Home Strefa filmu Recenzje filmów i seriali SVoD Recenzujemy szokujący, 3. odcinek “Obi-Wan Kenobi” na Disney+! Tego fani się nie spodziewali [BEZ SPOJLERÓW]
Recenzujemy szokujący, 3. odcinek “Obi-Wan Kenobi” na Disney+! Tego fani się nie spodziewali [BEZ SPOJLERÓW]

Recenzujemy szokujący, 3. odcinek “Obi-Wan Kenobi” na Disney+! Tego fani się nie spodziewali [BEZ SPOJLERÓW]

839
2

Po bardzo klimatycznych, choć dość niemrawych dwóch odcinkach twórcy serialu “Obi-Wan Kenobi” zabierają nas na nie lada przejażdżkę w trzecim epizodzie. Ten na pewno nie przypadnie do gustu wszystkim widzom, bo nowa wizja Disney na Gwiezdne Wojny jest naprawdę specyficzna.

Serial dostępny w Polsce od 14 czerwca na platformie Disney+

“Obi-Wan Kenobi” na Disney+ – recenzja 3. odcinka!

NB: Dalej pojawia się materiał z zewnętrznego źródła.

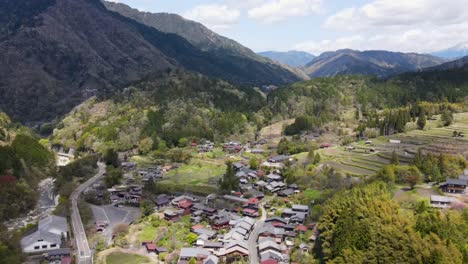 scenic aerial view of kiso-hirasawa town in kiso valley located in the nagano prefecture, japan. dolly back, establishing shot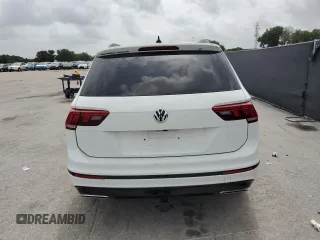 2021 Volkswagen Tiguan SE z VIN 3VV3B7AX9MM133615, wystawiony jako Copart lot #59542955 z przebiegiem 69 946 mil mil oraz Czysty tytuł • Clean title. Historia ofert i sprzedaży dostępna na DreamBid. Obrazek 6.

Kiedy będzie można obejrzeć w Polsce?

Okres pomiędzy III a IV epizodem sagi Star Wars to jeden z najciekawszych momentów w całym uniwersum. Gdy dysponowaliśmy tylko sześcioma filmami i rozbudowanym kanonem za pomocą książek oraz komiksów, wszyscy marzyli o ujrzeniu tych dodatkowych historii na dużym albo małym ekranie. Ale ani technologia, ani inne aspekty tego środowiska nie sprzyjały nakręceniu takowego widowiska, więc na produkcję opowiadającą o wydarzeniach z udziałem Obi-Wana czekaliśmy 17 lat. Zamiast filmu otrzymaliśmy serial i każdy chyba zakładał, że to dobra wiadomość, bo wydłużony metraż oznaczał wydłużenie czasu, jaki spędzimy z tym bohaterem. Tylko czy jego historia jest na tyle ciekawa, że warto ją opowiadać?

Po trzech odcinkach odpowiedź na to pytanie nie jest prosta. Trudno oceniać historię podzieloną na odcinki dopiero na półmetku, ale produkcja niebezpiecznie skręca ku mieliźnie. O ile w przypadku dwóch pierwszych odcinków można było wyjaśnić powolne tempo i brak dynamiki chęcią wprowadzenia widzów w nową historię, tak sytuację z trzeciego epizodu trudno jest sensownie wytłumaczyć. Na wcześniejsze głupotki, jak ucieczka Lei przed dwoma zbirami przez las, można było przymknąć oko (choć było to bardzo, bardzo trudne), tak konfrontacja, której jesteśmy świadkami tym razem wypada jeszcze zabawniej. Brak jej jakichkolwiek emocji, nie czuć wyczekiwanego terroru i strachu, a zachowanie obydwu kluczowych postaci jest irracjonalne i niekonsekwentne. Są pewne elementy, które podsycają atmosferę i przywodzą na myśl kluczowe dla sagi Skywalkerów wydarzenia, ale to kropla w morzu problemów, z jakimi zmaga się ta fabuła.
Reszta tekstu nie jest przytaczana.